Хорошо, что у девушек отсутствует такая потребность, как бриться, значит, она уже наполовину была готова. Кроме того, как, впрочем, и зачастую в последнее время, ей в это утро пришлось отказаться и от придающего бодрости душа, а начать собираться незамедлительно, одев на себя обычные свои одежды, включив в них еще и теплую черную водолазку и не позабыв про удобные кроссовки и неизменный табельный пистолет, удобно поместившийся в оперативной кобуре, всегда теперь располагавшейся у Насти подмышкой. Ровно через семь минут она была полностью экипирована, готовая исполнять свой служебные долг и прямые обязанности, а еще через десять минут предстала перед металлической входной дверью полицейского отделения. Дежурный соврал: Юлиевой он звонил самой последней, прекрасно зная, что она живет ближе всех и что ей потребуется на дорогу самое меньшее время. Остальные участники внезапного выезда, включая и измученного свалившейся на него нервотрепкой Бунько, что ярко выражалось по его угнетенному виду, находились уже на месте и, с появлением последней, ожидаемой ими, сотрудницы, тут же выдвинулись к служебной автомашине, занимая места соответственно рангу: подполковник по сложившейся привычке сел вперед, рядом с водителем, оперативница, эксперт и Куличёв сели сзади; следователь Енотов ожидался своим прибытием прямо в нужную точку.

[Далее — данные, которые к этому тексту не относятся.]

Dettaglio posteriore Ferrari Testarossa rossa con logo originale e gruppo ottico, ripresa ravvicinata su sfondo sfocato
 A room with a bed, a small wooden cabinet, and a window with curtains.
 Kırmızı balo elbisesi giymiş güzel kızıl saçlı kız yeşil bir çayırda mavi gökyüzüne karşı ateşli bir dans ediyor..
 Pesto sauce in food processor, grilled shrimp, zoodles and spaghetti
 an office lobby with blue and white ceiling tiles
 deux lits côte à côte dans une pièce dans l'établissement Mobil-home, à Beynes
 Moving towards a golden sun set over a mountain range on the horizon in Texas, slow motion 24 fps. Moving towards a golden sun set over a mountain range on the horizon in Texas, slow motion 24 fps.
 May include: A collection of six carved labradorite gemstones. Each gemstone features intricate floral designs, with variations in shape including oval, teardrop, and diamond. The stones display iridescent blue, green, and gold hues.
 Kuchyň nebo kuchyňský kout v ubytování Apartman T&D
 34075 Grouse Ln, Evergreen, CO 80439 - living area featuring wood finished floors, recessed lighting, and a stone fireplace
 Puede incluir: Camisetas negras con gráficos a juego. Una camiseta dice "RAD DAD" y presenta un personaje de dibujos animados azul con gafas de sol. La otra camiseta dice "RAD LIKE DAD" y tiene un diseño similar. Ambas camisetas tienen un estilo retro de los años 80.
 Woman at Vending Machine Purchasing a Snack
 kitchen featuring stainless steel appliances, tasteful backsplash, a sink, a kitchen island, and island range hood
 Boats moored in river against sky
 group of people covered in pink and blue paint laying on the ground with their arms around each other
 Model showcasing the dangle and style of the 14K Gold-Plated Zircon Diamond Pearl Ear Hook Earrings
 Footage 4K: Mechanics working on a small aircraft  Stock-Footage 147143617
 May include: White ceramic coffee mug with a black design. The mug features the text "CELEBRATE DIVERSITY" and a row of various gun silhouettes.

Ехать пришлось недолго: труп генерала Вострикова – он не был изуродован в лицевой части, и, соответственно, можно было легко определить его личность – находился в центре города, на центральной площади, перед двухэтажным Дворцом культуры, привязанным прямо к постаменту памятника, изображавшего Ленина, где уже вовсю орудовали представители СМИ, прибывшие из Калининграда. Именно от них-то и поступил в «дежурку» сигнал об ужасной находке, а им, в свою очередь, еще в час ночи, позвонил неизвестный и мрачным, угнетающим голосом передал крайне жуткую информацию; они же, как следует понимать, не пожелали упускать из своих рук сенсацию и, не сообщая никому о трагическом происшествии, сразу же выдвинулись на место и сначала зафиксировали материалы, необходимые для подачи в эфир, а затем уже обозначили полицейским сотрудникам города Икс, что у них появилась еще одна, очередная и большая, проблема.
Теперь следует остановиться на описание трупа. Как же он выглядел? Говоря вкратце, ничего нового служителям правоохранительных органов не предстало – он также был изуродован вскрытием грудной клетки вместе с брюшиной и извлечением из его внутренностей внутренних органов – за исключением одной особенности – прямо на растерзанной груди, как некогда в военные годы, была повешена грубая, деревянная табличка с надписью: «Дед этого человека участвовал в оккупации и порабощении Пруссии». Да, именно теперь – всем тем, кто вольно или невольно принимал участие в этом лиходействе с начала – становилось очевидно, что вся эта так называемая акция, «кошмарящая» в последние дни всю округу проводится далеко не спонтанно, а преследует четкие политические мотивы, направленные на то, чтобы выманить внука бывшего фронтовика, командира группы войск, освобождавшей Восточную Пруссию, в эту злосчастную местность и, учинив над ним самую что ни на есть жестокую расправу, выставить в самом в негодном свете.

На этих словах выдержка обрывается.